An increase of soluble Fas, an inhibitor of apoptosis, associated with progression of COPD

Abstract

In chronic obstructive pulmonary disease (COPD) which consists of emphysema and chronic bronchitis, alveolar tissue and/or bronchiolar walls are progressively destroyed. This suggests cell death by necrosis and/or apoptosis although no direct evidence of apoptosis has been reported. It was speculated that the apoptosis-related factors are associated with the progression of COPD. Fas/Apo-1 receptor (Fas), Fas ligand (Fas-L) and soluble Fas ligand (sFas-L) are inducers, while soluble Fas (sFas) is an inhibitor of apoptosis. In this study, plasma sFas and sFas-L were measured in 19 COPD patients receiving supplemental O 2 (severe COPD) and 20 COPD patients not receiving supplemental O 2 (mild/moderate COPD). Twenty-two age- and sex-matched healthy volunteers (healthy controls) and 20 patients receiving supplemental O 2 and with levels of hypoxaemia similar to severe COPD due to other pulmonary diseases (disease controls) were also examined. Plasma sFas-L was within normal limits in all groups.
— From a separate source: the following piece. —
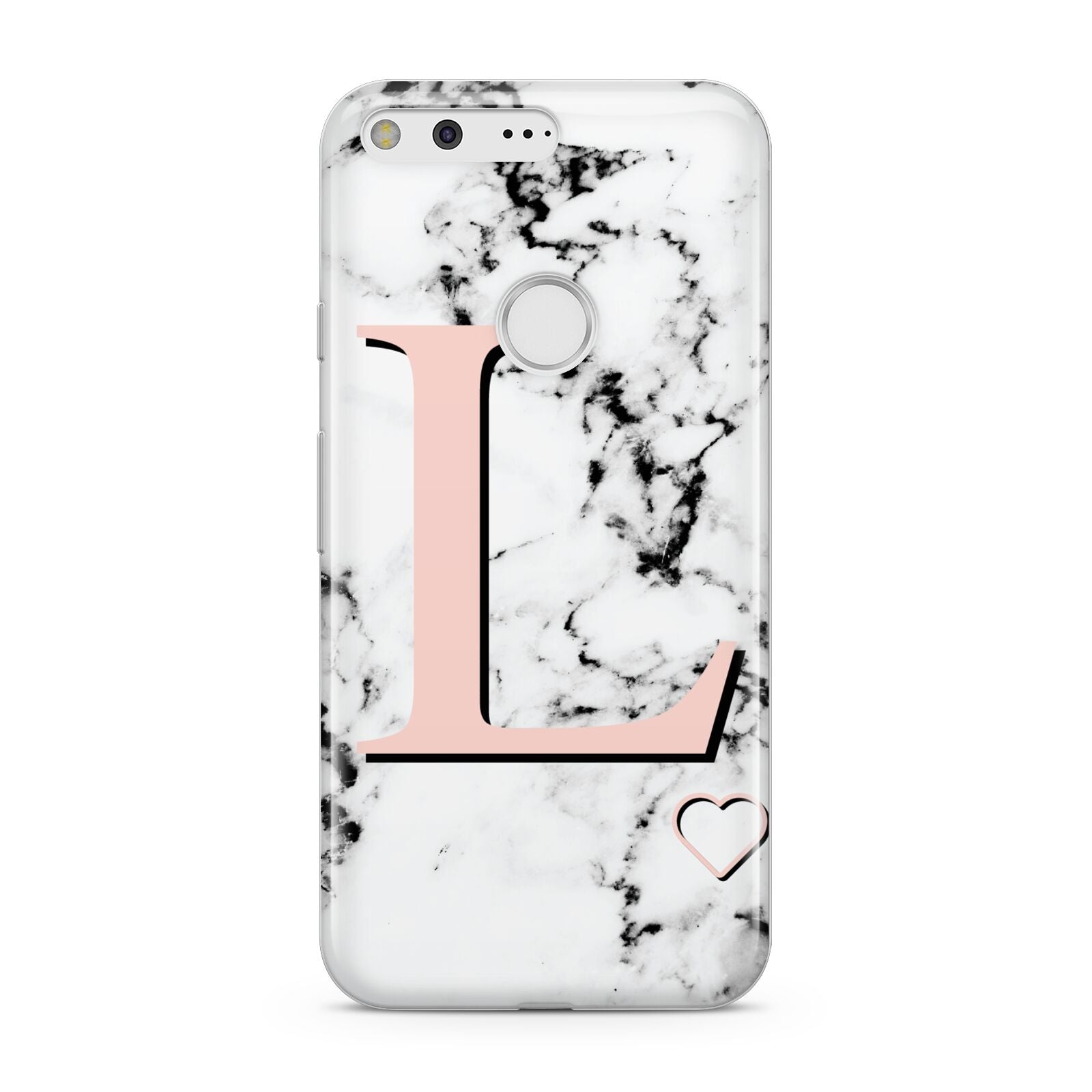 Personalised Coral Heart Initialled Marble Google Pixel Case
Plasma sFas levels were similar among healthy controls, disease controls, and mild/moderate COPD patients, but significantly increased in severe COPD (2·6 ± 1·1, 2·6 ± 0·2, 2·8 ± 0·2 and 4·8 ± 1·0 ng ml −1, respectively). Although PaO 2 was lower in severe COPD than in mild/moderate COPD, and PaCO 2 was higher in severe COPD than in mild/moderate COPD, they were close between severe COPD and disease controls. Tumour necrosis factor-α (TNF-α), interleukin 6 (IL-6) and C-reactive protein (CRP) were increased in patients with COPD, but were similar in both severe and mild/moderate COPD patients. We conclude that increased plasma sFas, which is independent of hypoxaemia, and increases in PaCO 2, TNF-α, IL-6 and inflammation, may be associated with progression of COPD.